Chanos, arguably the most well-known short seller in the world, lost more than 50 percent of its assets last year. Kynikos ended 2020 with about $405 million in regulatory assets under management, down from around $932 million the prior year, according to annual ADV filings with the Securities and Exchange Commission.
The long bull market has punished Chanos for years. In 2018, when Institutional Investor profiled him, Kynikos ran just under $2 billion, having already lost almost three-quarters of his assets since the financial crash of 2008, when it ran $7 billion.
Sophos had an even more dramatic decline than Kynikos. The firm started 2020 as the world’s largest short seller with $1.16 billion in regulatory assets under management. But by year end, the firm was winding down some positions and scaling back, as Institutional Investor previously reported. Sophos ended 2020 with $258 million, according to its ADV.
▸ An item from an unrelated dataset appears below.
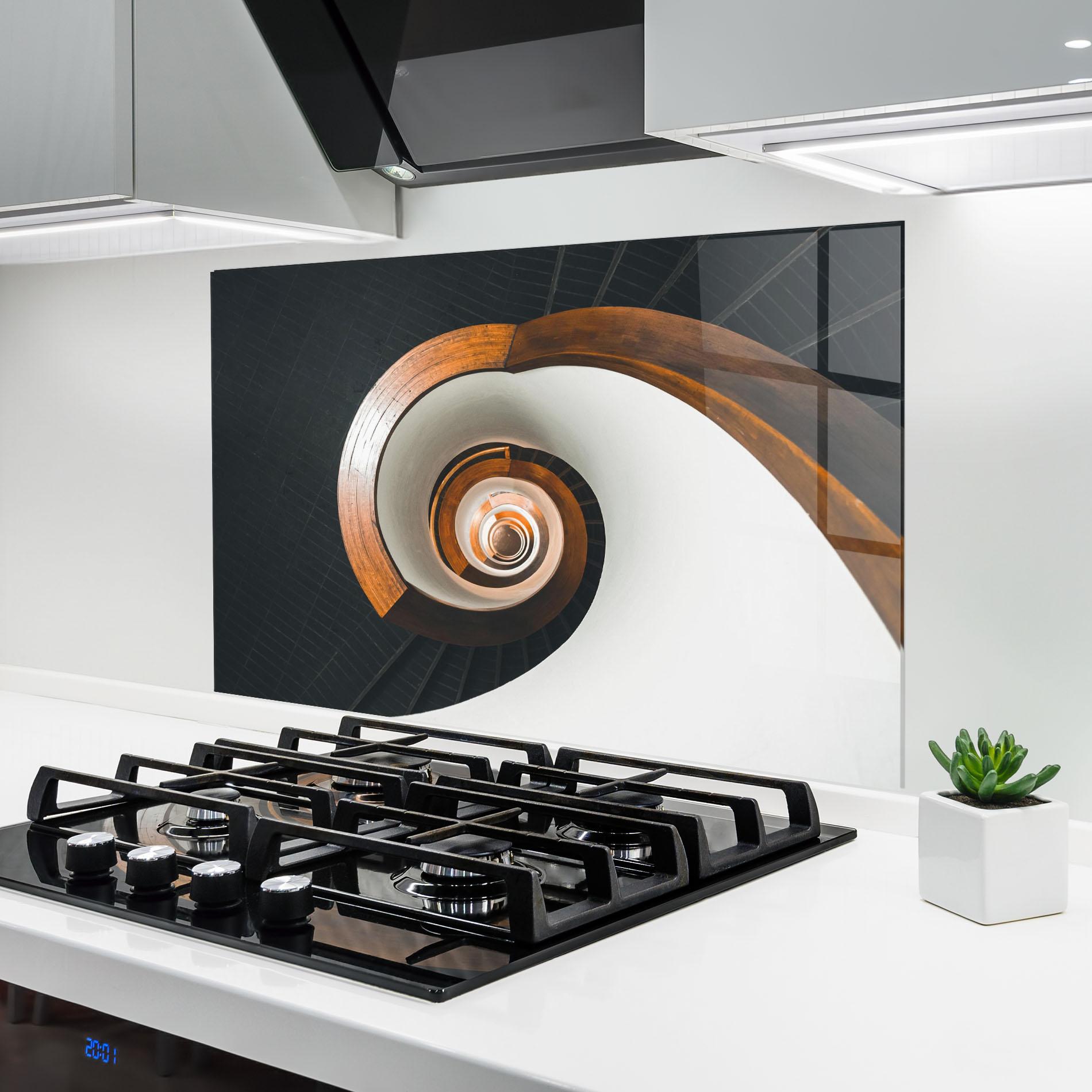Konyhai üveg hátfal Black Spiral Stairs mockup 6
Jim Chanos and Jim Carruthers are two of the most decorated short sellers in the investment community. Short sellers in general have had a rough time since the financial crisis and a (supposed) mass exodus from Kynikos and Sophos confirms those still willing to short stocks for fundamental reasons are the last of a dying breed. Admittedly, we have been cautious in building our short book as well.
FOR BETTER OR WORSE?
The question is this – are financial markets better or worse off if nobody is willing to short stocks? Contrary to popular belief, most short selling activities are not short-and-distort campaigns, and we cannot think of one instance where a legitimate business was ruined by short sellers. Feel free to email us an example and we will gladly correct the record.
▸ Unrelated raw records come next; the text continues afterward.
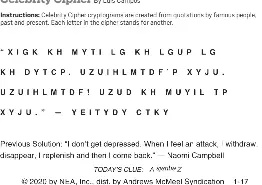 Celebrity Cipher - PressReader
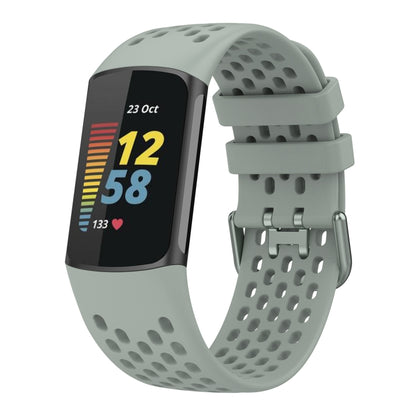 For Fitbit Charge 6 Solid Color Breathable Sports Silicone Watch Band(Gray) - Watch Bands by buy2fix | Online Shopping UK | buy2fix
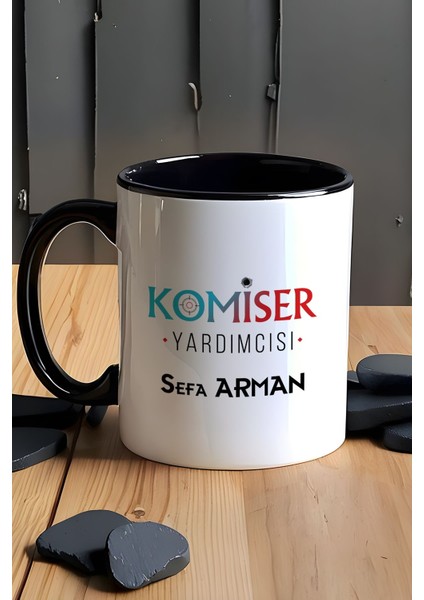 Kişiye Özel Komiser Yardımcısı Kupa Bardak Siyah Polisler Günü Hediyesi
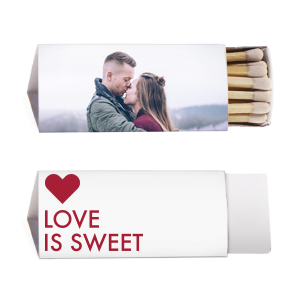 Custom White Lipstick Custom Photo Matchbox with Matte Lipstick Red Ink Digital Print Colors and Matte Fuchsia Ink Digital Print Colors has a Solid Heart graphic and is good for use in Wedding, Hearts, Anniversary themed parties and couldn't be more perfect. It's time to show off your impeccable taste.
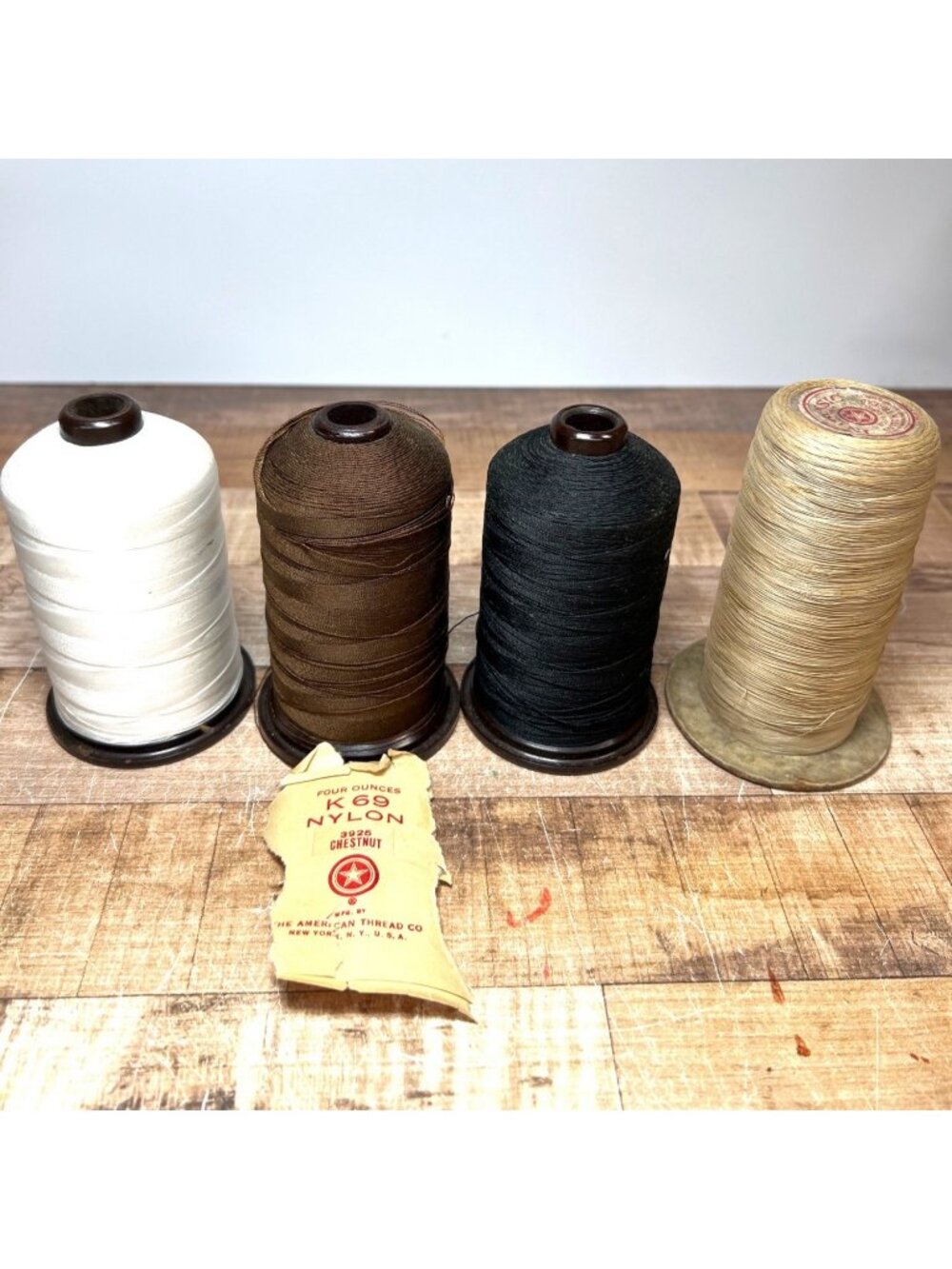 Vintage American Thread Co. Industrial Spools - Nylon & Cotton 4 Colors Patented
Corporations, sell-side analysts, and shareholders typically accuse short sellers of yelling fire in a crowded theatre regardless of merit. In reality, targets of short reports are usually engaged in unethical business practices or aggressive accounting. Even worse, sometimes these businesses are selling harmful products/services detrimental to society. We believe short reports should be subject to regulatory scrutiny if any content is misleading or untrue, and the author should be subject to legal liability in those instances. But accurate and well-researched reports are warning movie-goers after you smell smoke and feel inexplicably hot.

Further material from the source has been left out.